● TASK GOAL:
Here the job is to transcribe only the lines from the one containing "Evie’s Featured in" through the last line below, exactly as written; please leave out pictures.

● INFORMATION SUPPLIED:
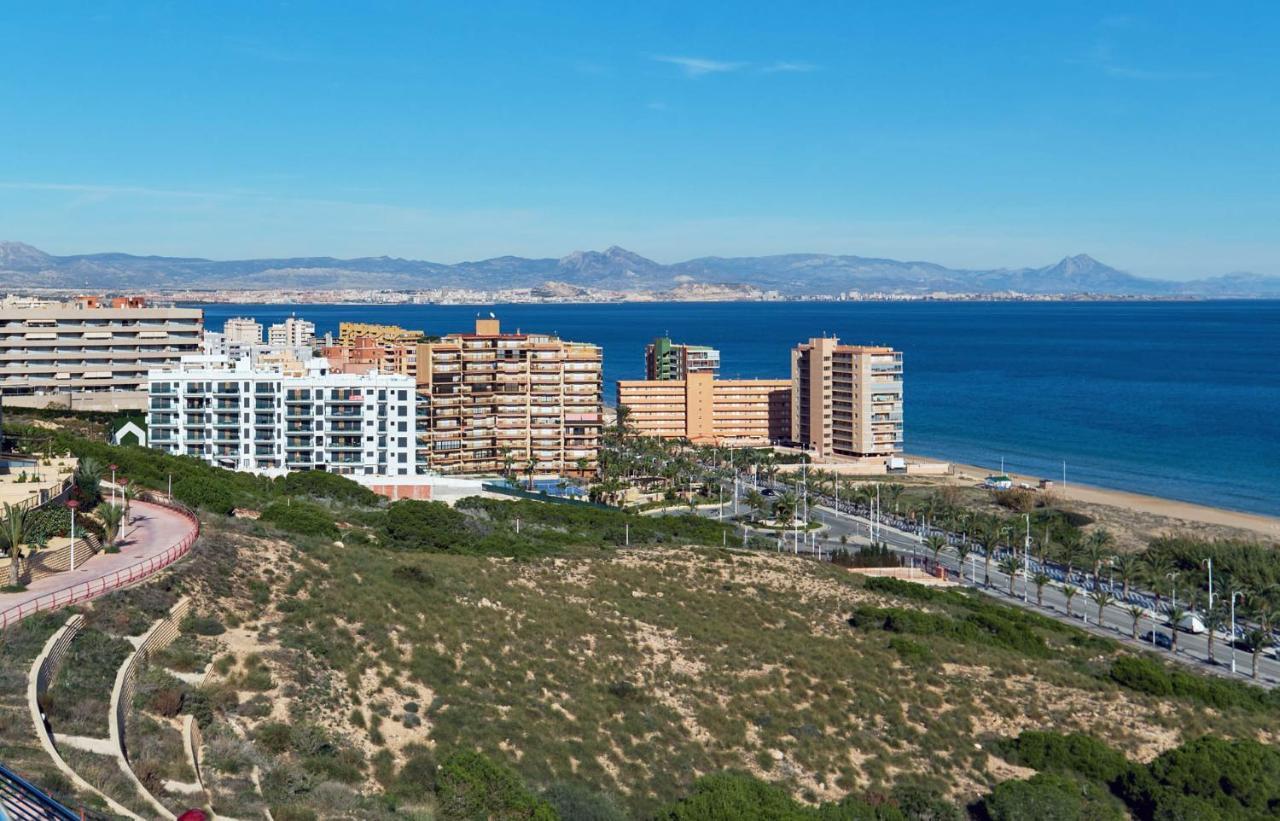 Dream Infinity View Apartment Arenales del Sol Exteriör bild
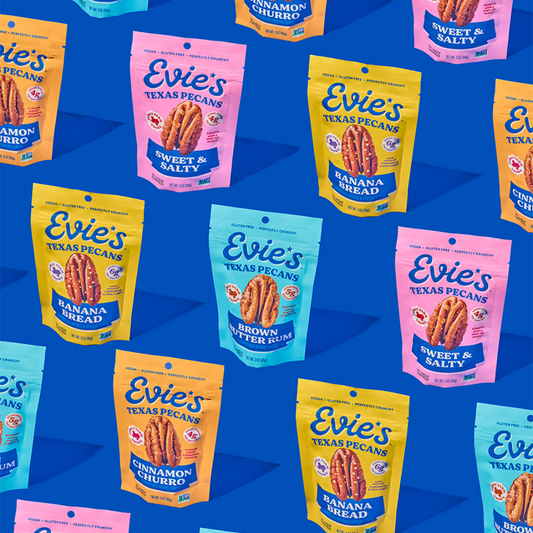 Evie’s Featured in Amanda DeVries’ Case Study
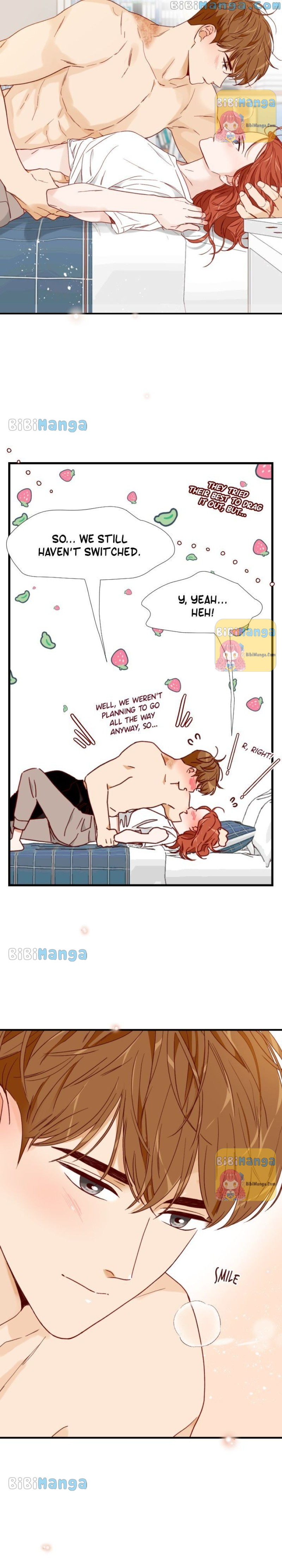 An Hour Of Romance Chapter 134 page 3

● OUTPUT FOR THIS TASK:
 Evie’s Featured in Amanda DeVries’ Case Study
 An Hour Of Romance Chapter 134 page 3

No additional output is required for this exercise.